I told a lie today. To be sure, it didn’t hurt anybody; in fact, I told it to protect somebody. Someone asked me a question and I had the answer, but I knew I needed to keep the information private, so I said I didn’t know.

Just a teensy lie… to protect someone… and it wasn’t my story to tell in the first place… and this person shouldn’t have asked for this information… and I feared once this person knew that I was privy to certain information, they would continue to ask more questions that I also should not answer…but no one got hurt, after all…

How easy it is to excuse ourselves! Our faithful God spoke quietly in my ear later in the day (or at least that’s when I finally listened to Him.) He said, “Why don’t you trust Me?” Oh! I do, Lord! I do trust You! Why, I’ve trusted You all these years, through thick and thin!

But Adam and Eve floated around in my head. Two people in a perfect world who did not trust God. His “don’t” wasn’t enough for them. His presence wasn’t enough for them. They didn’t trust Him to tell them the truth. They wanted what they’d been denied, because then… then… their eyes would be opened! They’d really know things if God hadn’t denied this one thing.

I repented for not trusting God. If I had trusted God, I would told the truth without lying, and left the outcome in His hands. When I lie instead of tell the truth, I take the situation out of God’s hands and put it in my own. I become the caretaker of the situation, the decider of outcomes, the defender of my reputation in the eyes of man.

I could have told the truth. I could have said, “Now, you know I can’t tell confidential things.” Or, “They will talk about it when they’re ready.” There—it would have been the whole truth, though I admit I remembered the times I’ve been told effectively to mind my own business, and I know it hurts (even when I should have minded my own business.)

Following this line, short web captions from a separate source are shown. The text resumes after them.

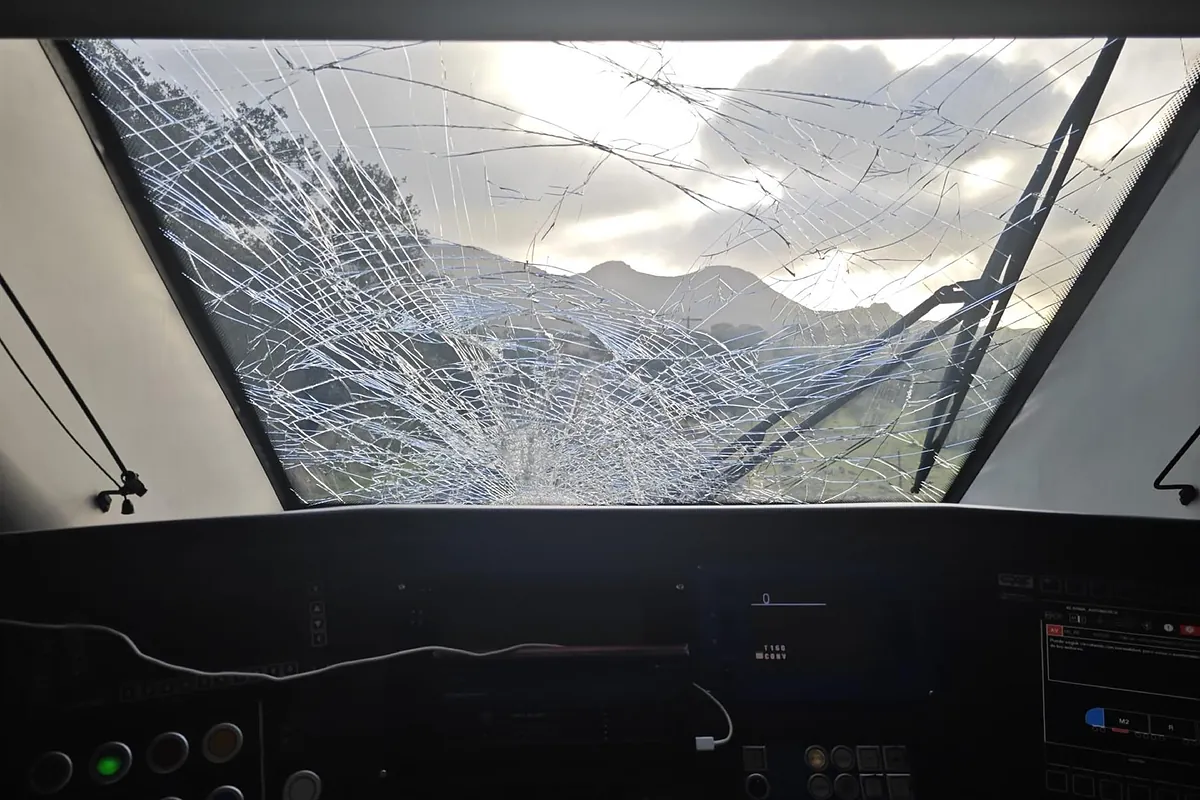 Cabeza del Buey'deki Badajoz-Alczar de San Juan tren güzergahında düşen bir direk trenin camını kırdı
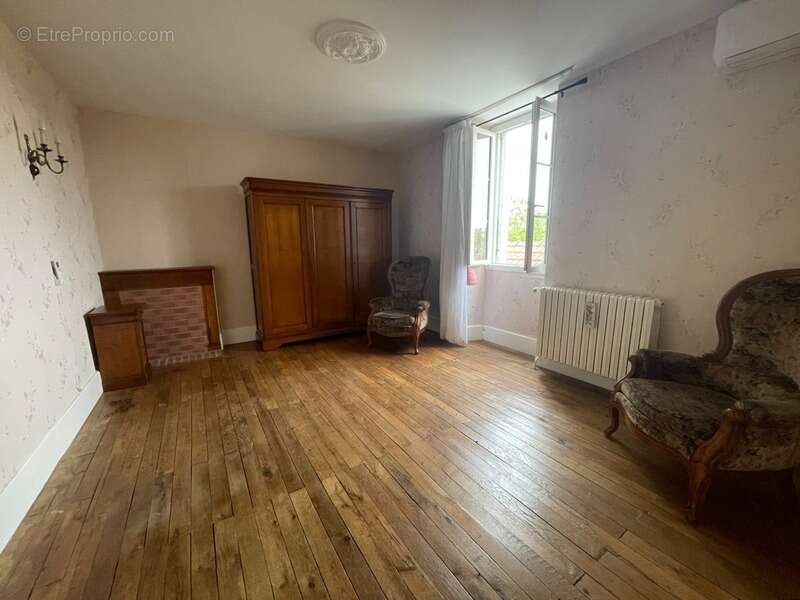 Maison  sur 8853 m2  avec étang, jardin plat et dépendances - photo 23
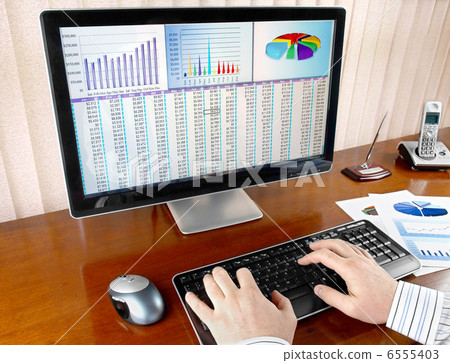 Analyzing Data on Computer 6555403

Trusting Him means we do what He’s asked us to do, without regard to how our words are received, without regard to our reputation, without considering whether we will be perceived as a nice person. I trust Him to take care of me when I walk in obedience to His Word. I can say what needs to be said in a kind way… and I can and should tell the truth while I say it.

“Lord, forgive us for excusing our sin. By the prompting of Your Spirit, may we always be ready to tell the truth—in a kind, gentle way. In Jesus’ Name, Amen.”